(2.48) We will write down a surjective homomorphism $\phi\colon N_H\to Deck(Y,p)$ whose kernel is $H$. The first isomorphism theorem will then imply that $Deck(Y,p)\cong N_H/H$.

(3.57) We define $\phi$ as follows. Given an element $\beta\in N_H$ we have

$$\beta p_*\pi_1(Y,y)\beta^{-1}=p_*\pi_1(Y,y),$$ and we also have $\beta p_*\pi_1(Y,y)\beta^{-1}=p_*\pi_1(Y,\sigma_\beta(y))$, so by the existence and uniqueness results for deck transformations, there exists a unique deck transformation $F_\beta\colon Y\to Y$ such that $F_\beta(y)=\sigma_\beta(y)$. We define $\phi(\beta)=F_\beta$.

(6.00) We need to check that $\phi$ is a homomorphism, that $\phi$ is surjective, and that $\ker\phi=H$.

To show that $\phi$ is a homomorphism:

$$\begin{align*} F_{\beta_1}(F_{\beta_2}(y))&=F_{\beta_1}(\sigma_{\beta_2}(y))\\ &=\sigma_{\beta_1}\sigma_{\beta_2}(y)\\ &=\sigma_{\beta_1\cdot\beta_2}(y)\\ &=F_{\beta_1\cdot\beta_2}(y), \end{align*}$$ where we used that the monodromy $\beta\mapsto\sigma_\beta$ is a homomorphism.

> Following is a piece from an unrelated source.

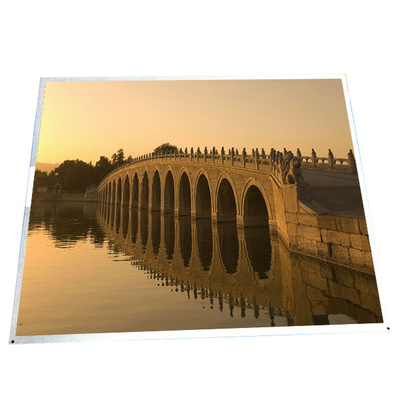 قیمت خوب عرضه M190EG02 V9 صفحه نمایش LCD TFT 19.0 اینچی برای AUO آنلاین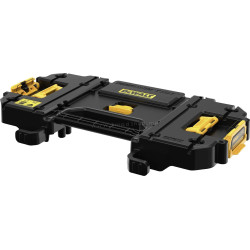 Adaptor pentru conectarea cutiilor Dewalt DWV9510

(7.46) To see that $\phi$ is surjective, given a deck transformation $F$ we want to find $\beta\in N_H$ such that $F=F_{\beta}$. Let $\alpha$ be a path in $Y$ from $y$ to $F(y)$. Let $\beta=p\circ\alpha$. This $\beta$ is a loop in $X$ because $p(y)=p(F(y))=x$ and $F(y)=\sigma_\beta(y)$ by definition of monodromy. Therefore $F=F_\beta$, because these covering transformations agree at $y$.

(10.38) To see that $\ker\phi=H$, suppose that $\beta\in\ker\phi$ (so that $F_\beta=id_Y$). Therefore $y=F_\beta(y)=\sigma_\beta(y)$, so $y$ is fixed by the monodromy around $\beta$. This means that the unique lift of $\beta$ starting at $y$ is a loop $\tilde{\beta}$, so $[\beta]=p_*[\tilde{\beta}]\in p_*\pi_1(Y,y)$. This shows that $\ker\phi\subset p_*\pi_1(Y,y)$. The inclusion $p_*\pi_1(Y,y)\subset\ker\phi$ is an exercise.